Anche per Israele le ripercussioni,  interne ed esterne,  di questi due anni di guerra e dell’ultima con l’Iran si preannunciano preoccupanti. I sionisti dovranno abbandonare velleità di egemonia sul medioriente e accontentarsi di continuare a assassinare e opprimere nel loro giardinetto di casa. I famosi “accordi di Abramo” che avrebbero dovuto normalizzare i rapporti fra Israele e il mondo arabo sono carta straccia. Risultati militari  assolutamente inconcludenti: non sono riusciti a debellare Hamas, non hanno causato un cambio di regime né hanno distrutto le potenzialità nucleari dell’Iran,  non riescono a battere Hezbollah  che ha costretto l’IDF a ridurre le operazioni di terra continuando solo quelle di distruzione sistematica tipo “Gaza” di città e comunità abitate da civili inermi. Ma i pericoli maggiori per Israele provengono dagli Stati Uniti dove monta sempre più forte una onda  antisionista, ora anche antiebraica. Le censure non riescono più a nascondere al grande pubblico  il livello di distruzione, di vittime civili e di sofferenza gratuita inflitta da Israele. La  repressione   attuata da tutti i governi dell’occidente verso organizzazioni e manifestazioni pro-Palestina,  contrarie alle politiche colonialiste e predatorie di Israele,  non fanno altro che aumentare il consenso verso la causa palestinese e la pressione sui governi occidentali per l’imposizione di sanzioni economiche  verso il governo e le organizzazioni sioniste.

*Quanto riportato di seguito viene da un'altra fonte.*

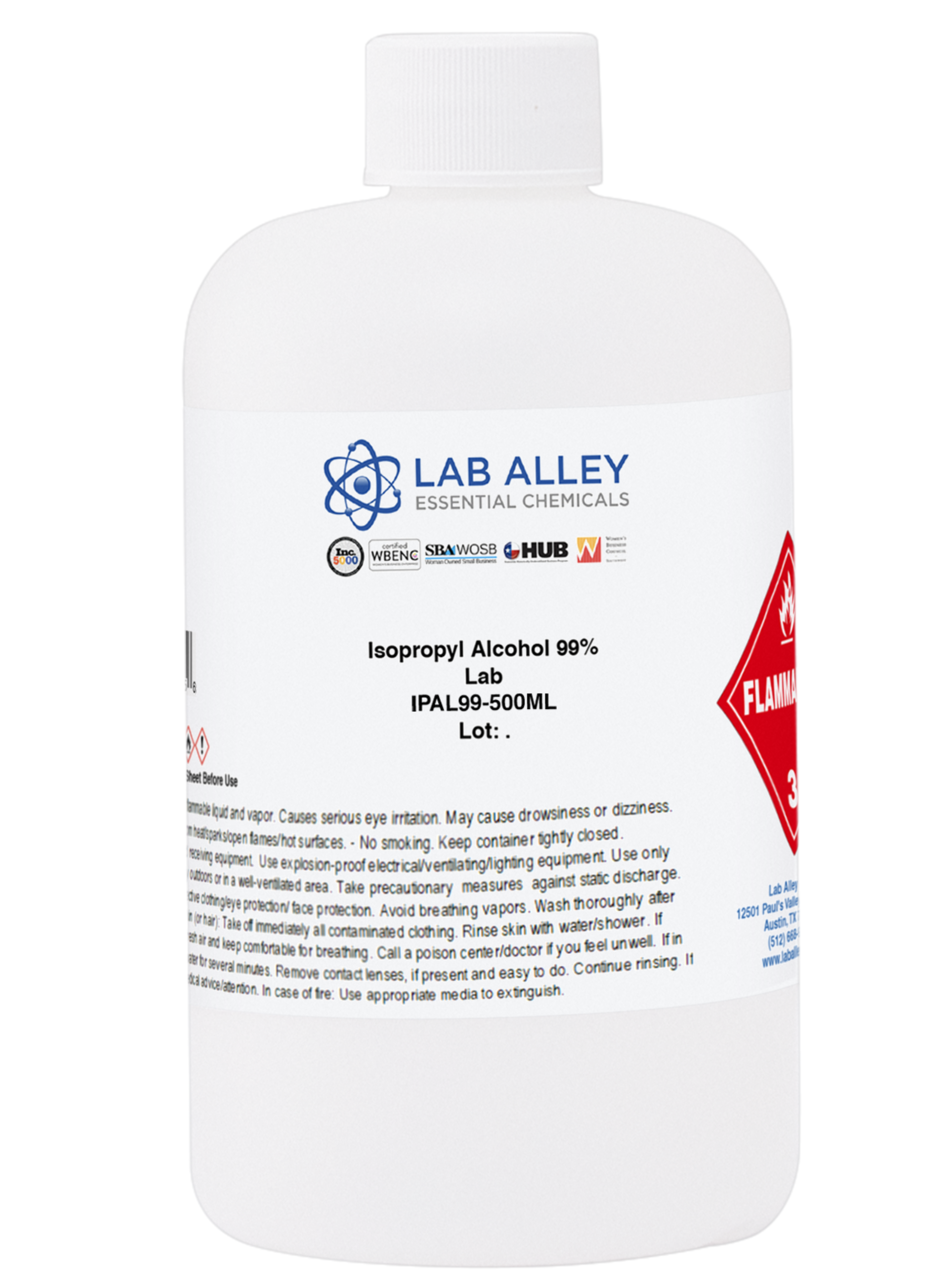 Isopropyl Alcohol 99.8% Lab Grade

Il giochino della propaganda sionista di equiparare l’antisionismo all’antiebraismo sta fallendo miseramente proprio per l’azione di un numero sempre maggiore di ebrei che ripudiano le politiche di Israele. Il sionismo rappresenta sempre più un  incubatore ideologico in cui sono presenti ebrei ma soprattutto cristiani evangelici che sono i più accaniti sostenitori dello stato di Israele. Nell’ultimo sondaggio PWN  di aprile il 72% dei democratici e il 47% dei repubblicani ritiene che l’alleanza senza limiti con  Israele non  sia negli interessi degli Stati Uniti, nel 2022 erano rispettivamente il 38% dei democratici e il 18% dei repubblicani.  E siamo ancora agli inizi del nostro cambio di regime.